For the gardener, the ultimate in housing could arguably be a grow-your-own.
But if you can't wait while timber trees grow, (or come up with some other horticultural solution) the answer could still lie in the soil.
Adobe is familiar in this part of the world as historical building material, but how about earthbagging up an earth dome?
No need to dig out the Whole Earth Catalogue from the 1970s, it's easier to settle in front of a computer and summon up images of contemporary, yet timeless, structures of strange beauty and imagination.
True art in the garden.
Even if, for now, at least, it's probably easier to stick with building a play or summerhouse or a sleepout, rather than getting stuck into a full dwelling.
Or just have a winter exploration of other people's fascinating projects.
For the "how to" advice is depressingly familiar to anyone trying to build innovatively; the hardest construction task is surmounting red tape, both regulatory and financial.
The earth domes pictured here are at Solscape, an accommodation, conference and training centre at Raglan, dedicated to sustainable living practices.
It has a large garden run on permaculture principles, and an emergent cafe producing such fabulous vegan food that even the least alternative lifestylers (and carnivores) of our conference-going party could admit there might be something in this healthy approach to eating.
Unfortunately, that particular weekend last November was as wild and wet as any on a more southerly front, and not having travelled to the balmy north with a sturdy wet-weather wardrobe, a garden tour was off the agenda.
But the earth dome proved sufficient interest instead, living up to the advertised promise: "These beautifully flowing round structures have their own personality and time spent in one of our domes is a unique and distinctly grounding experience."
The weather showed how the dome performed in wet conditions, and running a heater - and an electric blanket - was necessary to ward off a chill underfoot, despite the thermal isolation of a layer of empty bottles built into the floor.
But once the warmth built up, it was cosy and dry.
The earthbagging construction was dreamed up by Californian-based, Iranian-born architect and philanthropist Nader Khalili, whose Iranian and Turkish training is evident in his own designs.
He saw the domes as low-cost, aesthetically pleasing housing, and especially suitable as emergency- response accommodation, requiring more effort than tents, but warmer, inexpensive and able to be built under supervision by unskilled labour.
The whole family from children to grandparents could be involved, without backbreaking labour, or equally crippling debt.
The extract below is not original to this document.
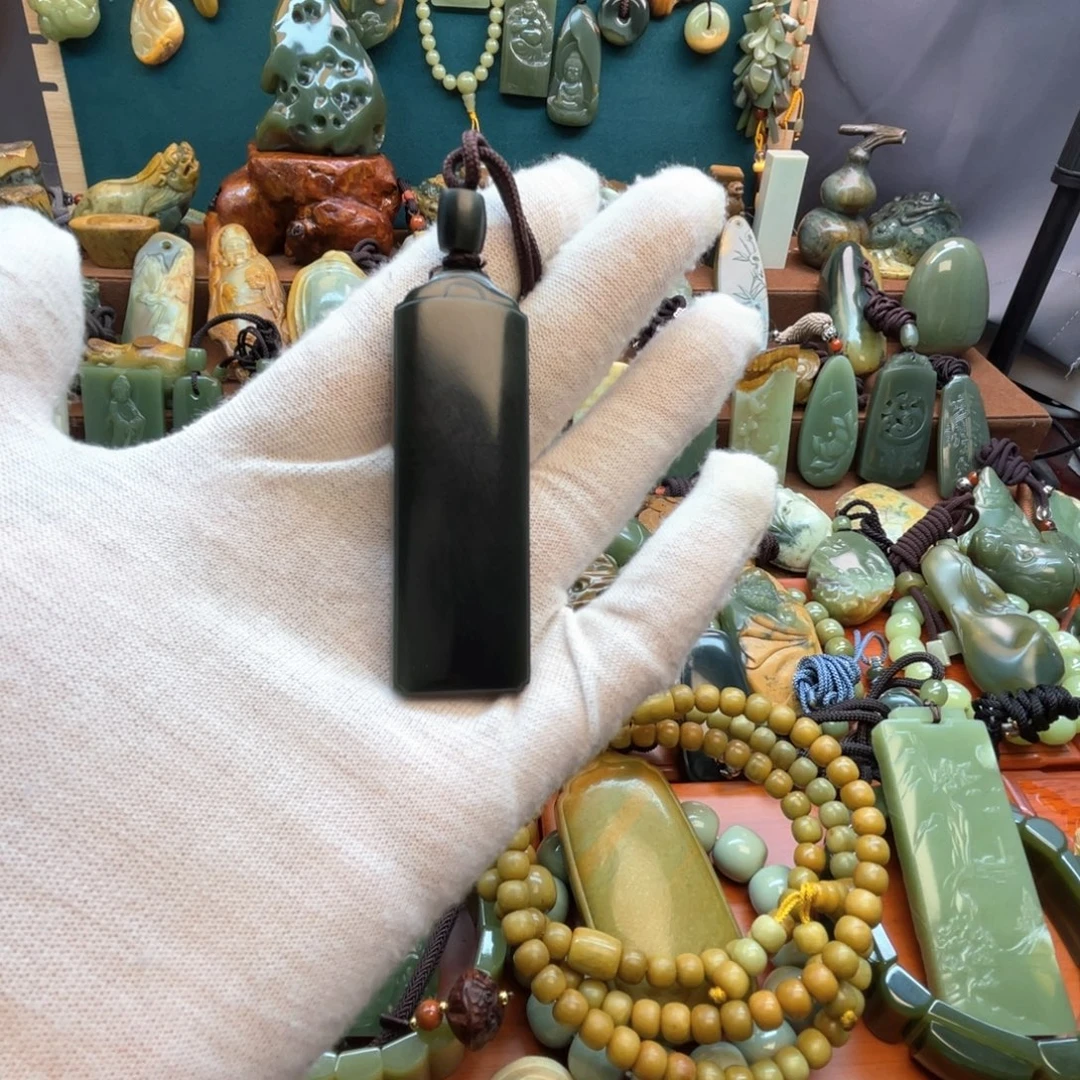 岫岩老玉（透闪石质玉）未镶嵌颈饰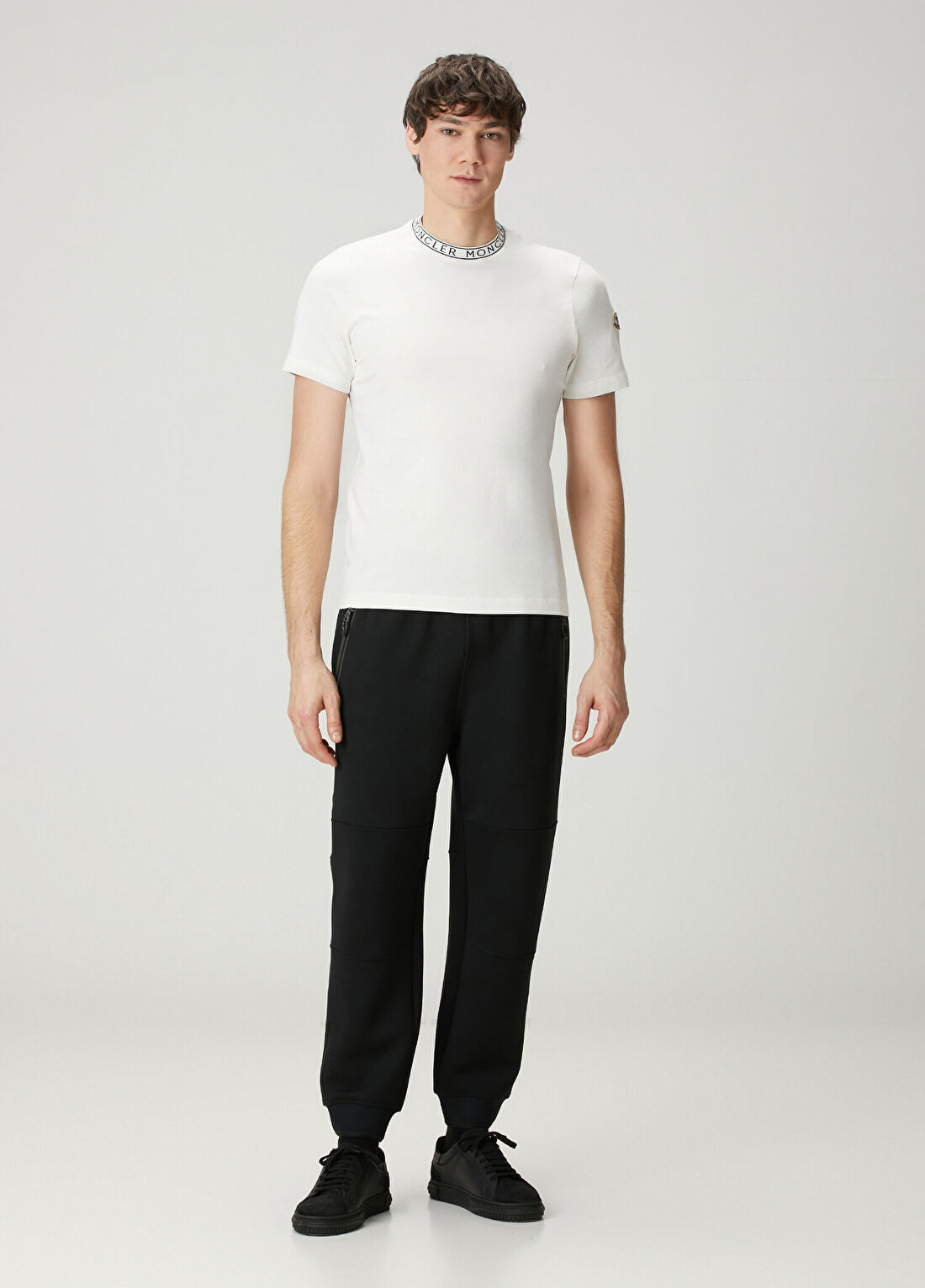 Moncler Beyaz Yakası Logo Jakarlı T-shirt görsel 2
Earthbagging is similar to building with sandbags, familiar to us in military and flood-protection situations, with the bags stacked up to be self supporting.
Khalili added further grip by placing barbed wire between each layer, labelling the technique "superadobe".
It looks like large-scale coiled pottery, with roof stepped in, allowing for playful shapes, and inserts of coloured glass items like bottles to add to the fun.
It is very adaptable, as the bags can be filled with a variety of locally available earth materials: clay, sand, grit, pumice (but nothing with a humus content).
Layers of lime plaster inside and out give a finished, weatherproof surface.
Unlike adobe, there's no waiting for the material to dry before starting construction, and no structural timber or steel required, apart from window and doorframes or for decorative elements.
Getting proportions of clay to sand, and water content, requires some knowledge and skill, but dome building is mostly a lot of slog labour, which can be provided by unskilled helpers, who have fun and the satisfaction of putting a personal stamp on the outcome.
While very stable (they meet Californian seismic standards), the domes are best made no larger than six metres in diameter.
They are also energy efficient because of their large thermal mass and slow dispersion of heat, so work best in places where there's wide variation between day and night temperatures.
The Solscape earth dome building team was led by Bomun Bock-Chung, who started out as a conventional home builder in Hawaii, but switched to more experimental forms, and now teaches sustainable building techniques in New Zealand.
The Solscape does have cement mixed into the roof covering in deference to the wet climate, and wide eaves, but the walls remain breathable.
But even if the water got into the walls, they wouldn't turn to mud, he points out.
Bock-Chung is part of a new generation of cheerful young idealists, equipped with sound technical knowledge, and out to live more creatively, and less burdened by debt.
"I think they have the potential to take off because they're so strong, and people like them because of their creative shapes," he says.
His Sheltercraft website features several earth dome and roundhouse building projects and reveals the smaller of the Solscape earth domes took him three months to build, with help from about four volunteers at a time, for about $15,000 (including labour.)
The internet provides many examples of fabulous personalised earth domes, but further reading should start with Nader Khalili's California Institute of Earth Art and Architecture, calearth.org, and Bock-Chung's sheltercraft.org. He has also posted more detailed sequences on Flickr of various building projects.